According to a survey of 794 online respondents by Simpson Carpenter, just 36% of consumers know what QR codes are for, while 11% have actually used them? 

Does this lack of awareness mean that QR codes are not such a valuable tool, or do they target a smaller but potentially more valuable audience? 

How useful do consumers find QR codes? 

Amongst the 11% of respondents that had actually used a QR code, just under half (47%) said they found them very useful and would like to see them more widely available, a third (33%) found them useful on certain occasions and don’t mind using them.

However, a fifth (20%) think they don’t really offer any advantages and don’t expect to use them in future.

Barriers to QR adoption

52% of respondents didn’t have a device that was capable of scanning QR codes, while 15% said they haven’t seen a QR code for any website they are interested in and 11% considered that there are other ways of getting to websites that are simpler, quicker and more convenient.

Other surveys on QR usage

A recent comScore survey found that 14m US mobile users, which equates to 6.2% of the total mobile audience, scanned a QR code in June 2011. As with the UK survey, this suggests that QR code use is very much a minority activity.

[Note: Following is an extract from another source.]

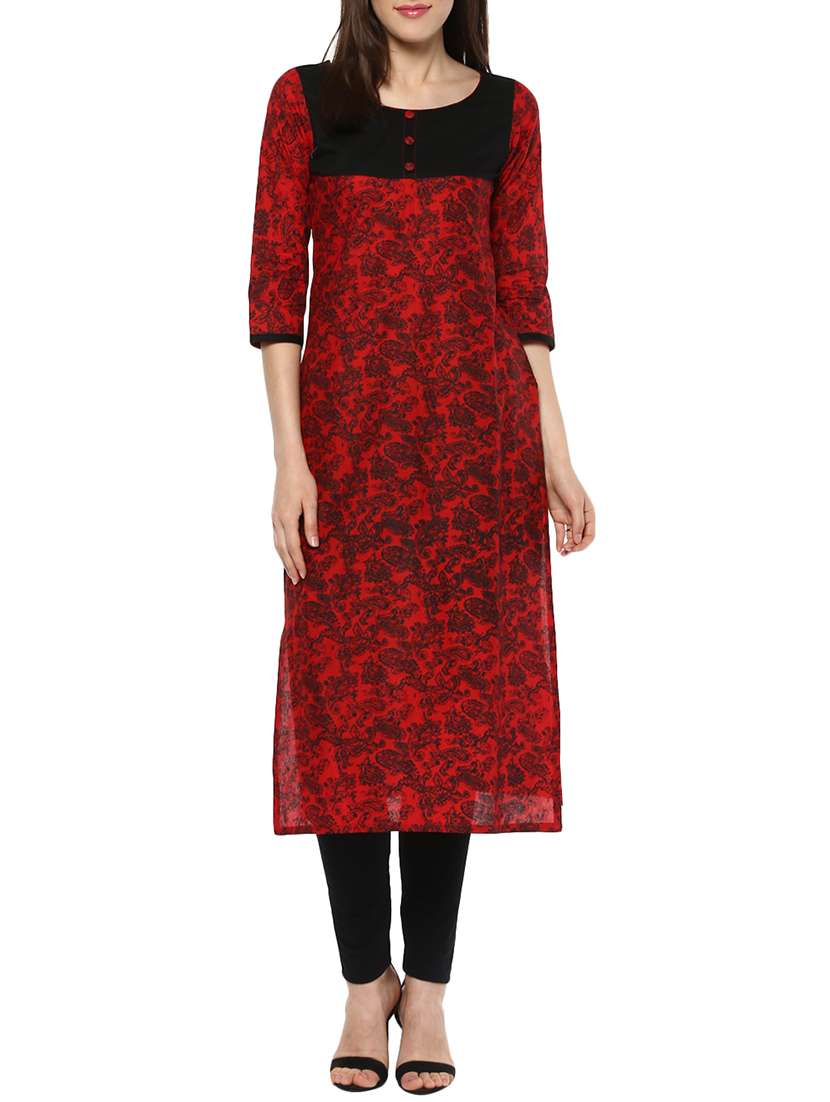 maroon cotton printed straight kurta
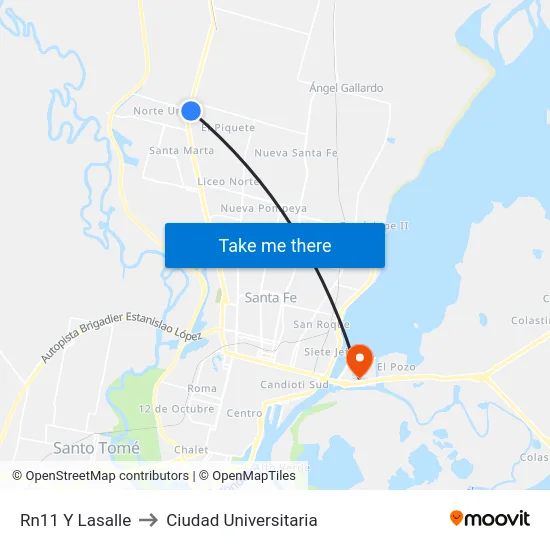 Rn11 Y Lasalle to Ciudad Universitaria map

However, the same survey found that 54.7% of the people that scanned QR codes had a household income of $75,000 or more (with 36% over $100k), suggesting that marketers are targeting a wealthier audience. 

Implications for marketers

Just because a minority are aware of and using QR codes doesn’t make it a worthless marketing tactic, but marketers do need to be aware of their audience when planning campaigns. 

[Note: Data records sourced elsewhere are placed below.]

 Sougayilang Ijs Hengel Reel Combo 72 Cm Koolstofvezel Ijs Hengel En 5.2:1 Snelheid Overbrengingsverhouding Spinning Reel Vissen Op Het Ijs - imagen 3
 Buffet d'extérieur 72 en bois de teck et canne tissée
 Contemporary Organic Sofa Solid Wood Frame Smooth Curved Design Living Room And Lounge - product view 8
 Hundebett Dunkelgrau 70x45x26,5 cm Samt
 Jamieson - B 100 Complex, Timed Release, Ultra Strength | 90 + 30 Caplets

It’s also likely that awareness of QR codes will increase as they become more common, and more people use smartphones.

Include a barcode scanner in your mobile apps

One way to ensure that your customers can use your barcodes is to add this function to mobile apps.

For example, Debenhams, which has been using QR codes instore, added a barcode scanner to its recent apps, meaning that customers with the app don’t need to seek out a QR reader app. 

Include alternative response mechanisms

Don’t rely on QR codes alone. To avoid excluding people without smartphones or those without a reader app, then provide other ways for them to respond to ads, or find out more about products. 

For example, Wilkinson Sword used ads in Tesco’s shelves recently, with a QR code being the most prominent response mechanism. However, a URL and SMS code were also included: 

Get the landing page right

There’s little point in persuading people to scan your QR codes if you haven’t created a usable landing page. Tim Dunn has an example of this in a recent post on QR

MI5’s QR code led to a page that had not been optimised for mobile:

Be creative, and give people a compelling reason to scan

There have been some excellent creative examples of QR code use by marketers, such as Tesco’s subway supermarket, or Radisson Edwardian adding QR codes to menus

People need a good reason to scan codes.